### Your assignment
Set down word for word each line from the start of the listing through the line that contains "Skiers, Jackson Hole-null-Framed", both included.

### Data to examine
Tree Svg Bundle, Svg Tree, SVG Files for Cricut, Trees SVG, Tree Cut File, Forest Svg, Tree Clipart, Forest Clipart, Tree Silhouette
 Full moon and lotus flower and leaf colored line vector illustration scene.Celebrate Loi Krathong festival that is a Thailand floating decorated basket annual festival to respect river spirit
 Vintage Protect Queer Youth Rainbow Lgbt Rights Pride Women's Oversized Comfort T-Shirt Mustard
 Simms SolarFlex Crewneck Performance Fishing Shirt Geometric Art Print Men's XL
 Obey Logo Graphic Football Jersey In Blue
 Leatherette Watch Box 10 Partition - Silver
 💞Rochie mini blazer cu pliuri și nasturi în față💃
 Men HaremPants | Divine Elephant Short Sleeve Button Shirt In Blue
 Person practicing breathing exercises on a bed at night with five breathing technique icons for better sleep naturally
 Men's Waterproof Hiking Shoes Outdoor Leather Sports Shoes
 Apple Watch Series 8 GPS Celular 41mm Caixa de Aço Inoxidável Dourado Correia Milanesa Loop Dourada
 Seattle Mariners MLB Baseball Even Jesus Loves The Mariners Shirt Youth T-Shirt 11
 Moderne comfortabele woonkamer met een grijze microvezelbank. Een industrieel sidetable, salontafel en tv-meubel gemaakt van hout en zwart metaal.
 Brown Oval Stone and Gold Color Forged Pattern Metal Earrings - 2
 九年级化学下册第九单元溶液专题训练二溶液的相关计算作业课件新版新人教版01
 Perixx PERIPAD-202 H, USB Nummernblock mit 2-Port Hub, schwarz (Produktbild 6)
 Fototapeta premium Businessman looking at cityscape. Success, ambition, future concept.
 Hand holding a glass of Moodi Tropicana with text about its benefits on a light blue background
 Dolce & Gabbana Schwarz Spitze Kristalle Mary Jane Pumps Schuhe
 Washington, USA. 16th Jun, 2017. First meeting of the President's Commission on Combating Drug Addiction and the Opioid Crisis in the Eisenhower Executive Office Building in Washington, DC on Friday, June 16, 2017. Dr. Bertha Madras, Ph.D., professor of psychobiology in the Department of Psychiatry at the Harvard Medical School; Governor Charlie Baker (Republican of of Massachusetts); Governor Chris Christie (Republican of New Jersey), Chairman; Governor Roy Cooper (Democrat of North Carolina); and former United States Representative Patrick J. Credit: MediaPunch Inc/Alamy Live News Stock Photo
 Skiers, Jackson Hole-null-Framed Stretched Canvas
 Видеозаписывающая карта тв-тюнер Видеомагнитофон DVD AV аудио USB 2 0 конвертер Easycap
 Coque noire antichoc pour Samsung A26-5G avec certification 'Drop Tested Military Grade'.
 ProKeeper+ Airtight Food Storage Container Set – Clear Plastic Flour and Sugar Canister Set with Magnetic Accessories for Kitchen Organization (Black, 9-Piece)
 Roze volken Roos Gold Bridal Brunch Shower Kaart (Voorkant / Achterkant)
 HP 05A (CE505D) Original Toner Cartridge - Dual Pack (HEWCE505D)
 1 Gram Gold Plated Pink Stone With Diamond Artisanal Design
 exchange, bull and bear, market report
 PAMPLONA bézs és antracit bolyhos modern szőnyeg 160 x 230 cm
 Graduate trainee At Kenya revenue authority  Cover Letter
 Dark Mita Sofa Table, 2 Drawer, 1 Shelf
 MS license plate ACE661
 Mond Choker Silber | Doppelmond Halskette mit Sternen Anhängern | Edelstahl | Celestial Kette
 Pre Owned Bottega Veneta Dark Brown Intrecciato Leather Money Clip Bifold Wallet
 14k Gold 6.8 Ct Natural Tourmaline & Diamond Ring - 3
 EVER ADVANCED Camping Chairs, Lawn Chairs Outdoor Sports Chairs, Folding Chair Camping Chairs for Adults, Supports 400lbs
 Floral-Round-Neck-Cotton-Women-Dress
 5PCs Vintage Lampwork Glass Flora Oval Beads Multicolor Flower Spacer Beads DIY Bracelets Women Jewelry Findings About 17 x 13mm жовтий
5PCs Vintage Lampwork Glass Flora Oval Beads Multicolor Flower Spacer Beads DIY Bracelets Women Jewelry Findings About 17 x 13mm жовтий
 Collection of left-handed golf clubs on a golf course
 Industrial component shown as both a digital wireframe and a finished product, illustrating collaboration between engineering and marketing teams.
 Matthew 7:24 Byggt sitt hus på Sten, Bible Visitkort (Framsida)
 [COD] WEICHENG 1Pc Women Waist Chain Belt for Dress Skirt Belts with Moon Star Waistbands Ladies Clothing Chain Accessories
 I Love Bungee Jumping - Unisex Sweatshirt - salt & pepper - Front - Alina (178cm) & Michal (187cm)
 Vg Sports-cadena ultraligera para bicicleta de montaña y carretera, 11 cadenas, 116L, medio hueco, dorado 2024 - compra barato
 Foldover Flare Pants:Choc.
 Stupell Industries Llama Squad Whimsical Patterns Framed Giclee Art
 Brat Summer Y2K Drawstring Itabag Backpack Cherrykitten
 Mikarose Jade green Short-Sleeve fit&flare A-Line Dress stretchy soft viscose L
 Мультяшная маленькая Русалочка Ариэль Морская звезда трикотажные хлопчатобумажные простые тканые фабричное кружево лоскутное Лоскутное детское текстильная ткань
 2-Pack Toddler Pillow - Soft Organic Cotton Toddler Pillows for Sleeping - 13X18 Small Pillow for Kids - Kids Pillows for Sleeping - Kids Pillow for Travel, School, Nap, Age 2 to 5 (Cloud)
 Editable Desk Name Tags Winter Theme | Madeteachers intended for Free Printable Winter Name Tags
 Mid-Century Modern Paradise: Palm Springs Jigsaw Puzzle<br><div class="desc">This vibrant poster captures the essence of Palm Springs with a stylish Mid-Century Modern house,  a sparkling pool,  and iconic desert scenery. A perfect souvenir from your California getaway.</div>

### Task result
Tree Svg Bundle, Svg Tree, SVG Files for Cricut, Trees SVG, Tree Cut File, Forest Svg, Tree Clipart, Forest Clipart, Tree Silhouette
 Full moon and lotus flower and leaf colored line vector illustration scene.Celebrate Loi Krathong festival that is a Thailand floating decorated basket annual festival to respect river spirit
 Vintage Protect Queer Youth Rainbow Lgbt Rights Pride Women's Oversized Comfort T-Shirt Mustard
 Simms SolarFlex Crewneck Performance Fishing Shirt Geometric Art Print Men's XL
 Obey Logo Graphic Football Jersey In Blue
 Leatherette Watch Box 10 Partition - Silver
 💞Rochie mini blazer cu pliuri și nasturi în față💃
 Men HaremPants | Divine Elephant Short Sleeve Button Shirt In Blue
 Person practicing breathing exercises on a bed at night with five breathing technique icons for better sleep naturally
 Men's Waterproof Hiking Shoes Outdoor Leather Sports Shoes
 Apple Watch Series 8 GPS Celular 41mm Caixa de Aço Inoxidável Dourado Correia Milanesa Loop Dourada
 Seattle Mariners MLB Baseball Even Jesus Loves The Mariners Shirt Youth T-Shirt 11
 Moderne comfortabele woonkamer met een grijze microvezelbank. Een industrieel sidetable, salontafel en tv-meubel gemaakt van hout en zwart metaal.
 Brown Oval Stone and Gold Color Forged Pattern Metal Earrings - 2
 九年级化学下册第九单元溶液专题训练二溶液的相关计算作业课件新版新人教版01
 Perixx PERIPAD-202 H, USB Nummernblock mit 2-Port Hub, schwarz (Produktbild 6)
 Fototapeta premium Businessman looking at cityscape. Success, ambition, future concept.
 Hand holding a glass of Moodi Tropicana with text about its benefits on a light blue background
 Dolce & Gabbana Schwarz Spitze Kristalle Mary Jane Pumps Schuhe
 Washington, USA. 16th Jun, 2017. First meeting of the President's Commission on Combating Drug Addiction and the Opioid Crisis in the Eisenhower Executive Office Building in Washington, DC on Friday, June 16, 2017. Dr. Bertha Madras, Ph.D., professor of psychobiology in the Department of Psychiatry at the Harvard Medical School; Governor Charlie Baker (Republican of of Massachusetts); Governor Chris Christie (Republican of New Jersey), Chairman; Governor Roy Cooper (Democrat of North Carolina); and former United States Representative Patrick J. Credit: MediaPunch Inc/Alamy Live News Stock Photo
 Skiers, Jackson Hole-null-Framed Stretched Canvas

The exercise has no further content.